_Instructions to follow_.
Among the entries below, one stretch runs from the line that contains "Детальное фото товара: Zigmund" through the line that contains "with Storage Bag". Repeat that stretch exactly, ends included, and only that.
═════ Study material ═════
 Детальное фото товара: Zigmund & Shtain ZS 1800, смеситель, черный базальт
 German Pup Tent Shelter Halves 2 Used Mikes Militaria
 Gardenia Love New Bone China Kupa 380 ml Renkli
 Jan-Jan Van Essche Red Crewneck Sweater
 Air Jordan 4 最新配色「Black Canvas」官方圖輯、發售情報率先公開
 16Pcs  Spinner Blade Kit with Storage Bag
═════
═════ Study material ═════
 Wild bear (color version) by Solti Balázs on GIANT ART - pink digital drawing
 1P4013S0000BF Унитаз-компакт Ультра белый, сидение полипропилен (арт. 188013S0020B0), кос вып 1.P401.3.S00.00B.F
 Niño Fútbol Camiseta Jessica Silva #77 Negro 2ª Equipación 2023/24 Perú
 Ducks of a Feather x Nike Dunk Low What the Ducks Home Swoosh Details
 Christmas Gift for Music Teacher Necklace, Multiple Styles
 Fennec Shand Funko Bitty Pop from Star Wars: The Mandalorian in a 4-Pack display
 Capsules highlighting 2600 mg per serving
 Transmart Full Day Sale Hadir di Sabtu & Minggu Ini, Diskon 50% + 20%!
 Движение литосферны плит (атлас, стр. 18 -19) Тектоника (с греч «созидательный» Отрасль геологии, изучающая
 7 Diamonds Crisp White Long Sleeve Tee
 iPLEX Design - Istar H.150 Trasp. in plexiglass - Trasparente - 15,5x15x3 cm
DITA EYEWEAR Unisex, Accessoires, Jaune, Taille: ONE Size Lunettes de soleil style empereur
═════
_Answer space_.
 Детальное фото товара: Zigmund & Shtain ZS 1800, смеситель, черный базальт
 German Pup Tent Shelter Halves 2 Used Mikes Militaria
 Gardenia Love New Bone China Kupa 380 ml Renkli
 Jan-Jan Van Essche Red Crewneck Sweater
 Air Jordan 4 最新配色「Black Canvas」官方圖輯、發售情報率先公開
 16Pcs  Spinner Blade Kit with Storage Bag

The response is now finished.